Matthias Müller succeeds Martin Winterkorn as Volkswagen Chief Executive Officer (CEO). Until now Müller has headed VW's luxury car subsidiary Porsche. And just like his predecessor, he is an automotive engineer.
Matthias Müller is 62 years old, an age where many others would probably start thinking about retirement.
But since the trained toolmaker became CEO of Germany's sports car legend Porsche five years ago, retirement is out of the question. Even more so since Müller has been appointed new CEO of the Volkswagen Group, where he will have to clean up the mess left behind by the falsified diesel car emission tests.
Müller is only six years younger than his predecessor, Martin Winterkorn. Like him, Müller is a dedicated engineer. So far he's not made a name of himself as a passionate entrepreneur. But Müller's task will be to get things right for the moment, to steer Volkswagen into calmer waters and - what's most important - to restore consumer confidence.
'I am a Volkswagen guy'
Müller, who was born in 1953 in what's now the eastern German state of Saxony, is one of VW's typical home-grown players: "I am an authentic Volkswagen guy", he once confessed. After his graduation in 1971, he was hired by today's VW subsidiary Audi to learn the trade of a toolmaker. After studying engineering in Munich, he received a degree in computer science and returned to Audi's headquarters in the Bavarian town of Ingolstadt.
His name is linked to the product management of Audi's A3, of which he was in charge from 1993 to 1995. After that, he was in charge of all Audi models. In 2002 Müller was promoted to chief coordinator for the production of all sports cars within the realm of Volkswagen. When Martin Winterkorn became VW's CEO in 2007, Müller went to the corporation's headquarters in Wolfsburg and took responsibility for the product strategy of all brands. In this position he was in charge of refining VW's modular construction system.
After that, in October 2010, Müller became Porsche's CEO. In March 2015 he joined Volkswagen's executive board.
The new Porsche 918 Spyder plug-in hybrid on display at the LA Auto Show in Los Angeles, November 2014
Electric sports cars
At first, Müller didn't like the idea of electric Porsche sports cars at all. The batteries were too expensive, he argued, the driving range too limited.

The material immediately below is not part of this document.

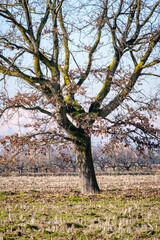 A bare tree during wintertime, in the countryside area of Lomellina (Lombardy, Northern Italy); this area is famous for its rice cultivations.
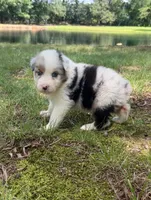 Alex, a male Australian Shepherd for sale in Indian Trail, NC – 2 of 4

But he changed his mind, and now Müller is confident Porsche could produce electric or hybrid versions of all Porsche models in the future. "We're thinking about it", he told the media just recently. The e-strategy will even include Porsche's iconic 911 model.
"We will bring a 911 plug-in hybrid model to market in 2018," Müller confirmed.
Porsche's electric mobility concepts could be an area of expertise the new Volkswagen CEO could use to turn over a new leaf at VW as a whole. If Porsche can build e-sports cars, the rest of VW's brands could follow suit. And if customers were to buy emission-free electric VW cars, the auto maker's emission tests scam could one fine day fall into oblivion.